Advancing Rehabilitation with Biomedical Informatics
To advance the field of rehabilitation, I evaluate and apply the interdisciplinary techniques of biomedical informatics
In addition to my primary research efforts in data standards, I also work on secondary projects that advance the field of rehabilitation sciences through biomedical informatics. I helped establish the Indiana-Ohio Center for Traumatic Amputation Rehabilitation Research in a collaboration with the Ohio State University, first as a co-investigator and later as PI. The Center was funded by by the Department of Defense for outcomes research on this population. My most significant contribution was establishing the biomedical informatics infrastructure for the Center’s activities. Early in my career I published the first review article on physical therapist’s use of electronic health records. I was also senior author on a paper about the urgent need for competencies in biomedical informatics within physical therapy education.
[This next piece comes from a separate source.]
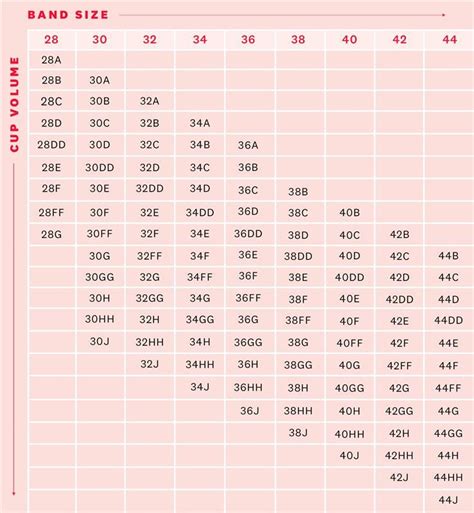 English Bra Size Chart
This paper earned the 2010 Stanford Award from the Education Section of the American Physical Therapy Association (APTA), given to the paper with the most influential ideas for physical therapist education. I also authored a paper that outlined how the vocabulary standards like LOINC, SNOMED CT, and ICF could fit together in health IT systems to achieve semantic interoperability of functional status and other data used by rehabilitation professionals.